_EXERCISE_:
Take the line with "Phát triển du" as the first and the last line of the data as the end. Write out both and every line between exactly, except pictures.
RECORDED INFORMATION Block Start
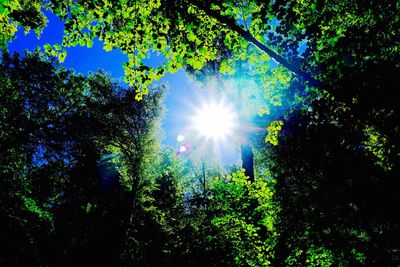 Low angle view of sun shining through trees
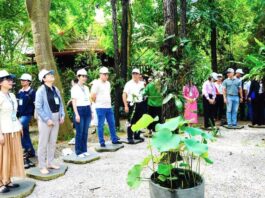Phát triển du lịch nông nghiệp, nông thôn gắn với xây dựng nông thôn mới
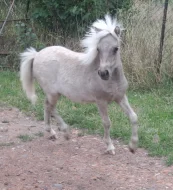 Krásná minihorse klisnička s plným původem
RECORDED INFORMATION Block End
_THE COMPLETED TASK_:
Phát triển du lịch nông nghiệp, nông thôn gắn với xây dựng nông thôn mới
 Krásná minihorse klisnička s plným původem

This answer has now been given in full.